For years, Fidelity was my go-to institution for retirement investing. Like millions of Americans, I trusted the brand, the polish, and the reputation. I believed, as many investors still do, that if my IRA was sitting at a well-known Wall Street firm offering low-cost index funds, research tools, and a clean user interface, then I was doing everything right when it came to preparing for my financial future.
Over time, however, markets changed. Private capital exploded. Technology reshaped how value is created. Some of the most compelling investment opportunities of our generation began taking place outside the public markets. Slowly, I came to a realization that fundamentally changed how I thought about retirement investing: not all IRAs are the same. More importantly, not all IRA providers are aligned with an investor’s best interests when it comes to freedom, diversification, and control.
That realization ultimately led me to leave Fidelity and move my retirement assets into a Self-Directed IRA (SDIRA). It was a decision that completely transformed how I invest for retirement and how I think about long-term wealth creation.
What Is a Self-Directed IRA (SDIRA)?
A Self-Directed IRA, often referred to as an SDIRA, is not a different type of IRA under the Internal Revenue Code. Instead, it is a different administrative and custodial structure. This structure allows an IRA owner to invest in a far broader range of assets than what is typically permitted, or more accurately, supported, by large brokerage firms like Fidelity, Schwab, or Vanguard.
From a tax standpoint, a Self-Directed IRA follows the same rules as any other IRA under IRC Section 408. You still receive the same powerful tax advantages, tax-deferred growth in a Traditional IRA or tax-free growth in a Roth IRA. The difference is on the investment side. An SDIRA opens the door to assets that most investors never realize their IRA is legally allowed to own.
With a true SDIRA, you can invest in real estate, private equity, venture capital, private credit, hedge funds, private placements, tax liens, precious metals, cryptocurrencies, and many other alternative assets. These assets are simply unavailable on traditional brokerage platforms, even though the IRS has never prohibited IRAs from owning them.
The key distinction is this: the IRS defines what an IRA cannot invest in, not what it can. Once you understand that principle, the limitations imposed by large brokerage firms begin to look far less like regulatory requirements and far more like business decisions.

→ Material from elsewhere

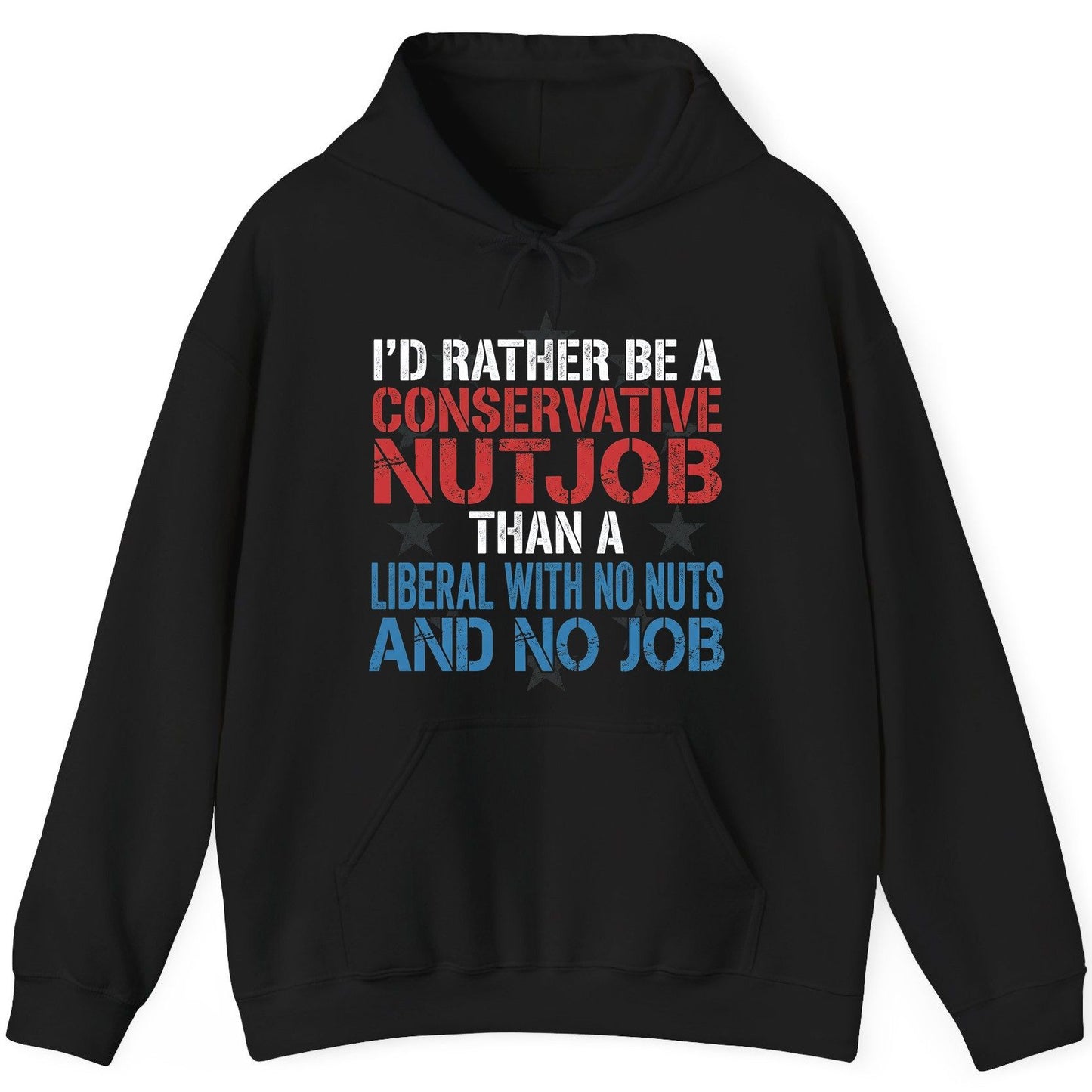 I'D RATHER BE a Conservative NUTJOB THAN a Liberal WITH NO NUTS Hoodie - product mockup - Black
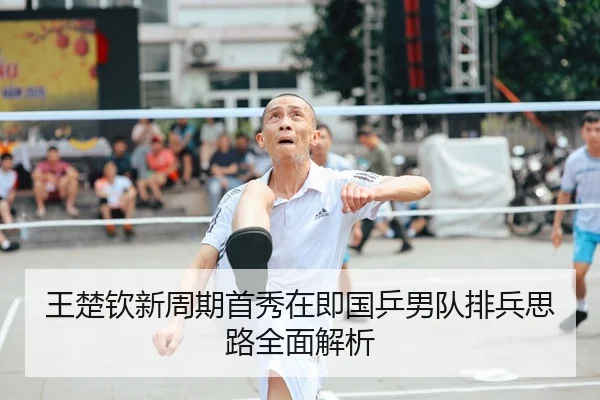 王楚钦新周期首秀在即国乒男队排兵思路全面解析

Why Not All IRAs Are the Same
One of the biggest myths in retirement investing is the assumption that an IRA is an IRA is an IRA, and that the only real differences between providers are pricing, customer service, or the selection of stocks, ETFs, and mutual funds on a predefined menu.
In reality, the most important difference between IRAs is who controls the investment menu, the investor or the financial institution.
At Fidelity, as with most large brokerage firms, your IRA exists within a closed ecosystem. Investments are limited to assets that clear through the platform, fit neatly into internal systems, and support a broader business model built around asset gathering, product distribution, and advisory services tied to publicly traded securities.
A true Self-Directed IRA flips that model by giving control back to the investor. It allows you to invest in anything permitted by law rather than anything permitted by a platform. That distinction becomes increasingly important as more wealth is created in private markets and alternative assets, not traditional Wall Street products.
What Is an Alternative Asset?
An alternative asset is generally defined as any investment outside traditional publicly traded stocks, bonds, mutual funds, and ETFs. That definition, however, barely scratches the surface of why alternative assets have become so important to sophisticated investors, institutions, family offices, and increasingly, individual retirement savers.
Alternative assets include real estate (residential and commercial), private equity, venture capital, private credit, hedge funds, private REITs, oil and gas interests, infrastructure, farmland, timber, tax liens, precious metals, and digital assets like Bitcoin and Ethereum. Many of these assets have return drivers that are fundamentally different from public markets and often exhibit lower correlation to stocks and bonds.
What makes alternative assets particularly compelling inside an IRA is the ability to shelter income, gains, and compounding returns from current taxation. This allows long-term investments to grow more efficiently over time, especially when assets generate regular cash flow or experience significant appreciation over extended holding periods.
What Alternative Assets Cannot Be Held in an IRA
While the IRS allows IRAs to invest in a remarkably wide range of assets, there are important limitations every Self-Directed IRA investor must understand. These rules are primarily found under IRC Section 408 and IRC Section 4975, which govern prohibited investments and prohibited transactions.
First, IRAs are prohibited from investing in collectibles. This includes artwork, rugs, antiques, metals that do not meet specific fineness requirements, gems, stamps, coins (with limited exceptions such as certain U.S. gold and silver coins), alcoholic beverages, and other tangible personal property deemed collectible.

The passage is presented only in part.